Mining memories for the future
If you’ve been in this industry for more than a couple of years, you’ve no doubt seen some trends come and go among your tools. If you’ve seen more than a couple of job titles over the years, you’ve seen the same in process, team organization, strategies, and all that. And if you’ve primarily worked with Javascript and the frontend, you’ve seen this whole cycle on technologies and frameworks play out over the length of a couple of podcasts (and, also, my condolences).
Tools and techniques become passé and fall into disuse, then obscurity. Oftentimes this is for the best of reasons: we’ve discovered a better way to do things, or found that a conceptual pathway was a dead end. Sometimes, though, this fashion cycle masks the usefulness of both tools and ways of thought–or even ways of being.
Tools
Guard is a test (and other command/event) auto-runner for Ruby. It watches your configured project and, when a file is changed, it runs only the related tests. If you were learning to use Rails 10-15 years ago, you probably learned about it in your first project. Now, you’ll be hard pressed to find it deployed anywhere. It still works just fine, and when I introduce folks to it, they typically love it.

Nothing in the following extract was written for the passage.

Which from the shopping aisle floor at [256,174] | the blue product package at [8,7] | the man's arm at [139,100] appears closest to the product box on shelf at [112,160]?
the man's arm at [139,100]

It just fell out of fashion when we started containerizing everything. Now it’s forgotten.
Techniques
I mean, I still think Test-Driven Development is great–but in a much more nuanced sense than “you must test exactly every function every time before you implement it”. By and large, TDD, too, has fallen out of vogue–in part due to oversimplification of its upsides, in part because the more popular ecosystems don’t have as wonderful tooling around them as some older ecosystems once did. This isn’t the place to sell you, dear reader, on a new worldview around TDD, but know that it can be a competitive advantage when other folks don’t think even to try it.
Product Concepts
Adium hails from the Instant Messaging era: a single application that could pull together the diaspora of various accounts from AOL, Microsoft, ICQ, Jabber, and more. All that has fallen by the wayside–but here we are again, spread across Slack, Mattermost, Microsoft Teams, Skype, Signal, Telegram, and so many more. And so along comes Beeper, which does the same thing as Adium did, but for the current suite of messaging ecosystems. They’re young and already being acquired by Automattic.
Process and Ritual
If all you’ve ever seen of Agile is the way most enterprises have rolled out their SCRUM-ish processes, the Agile Manifesto is downright revolutionary.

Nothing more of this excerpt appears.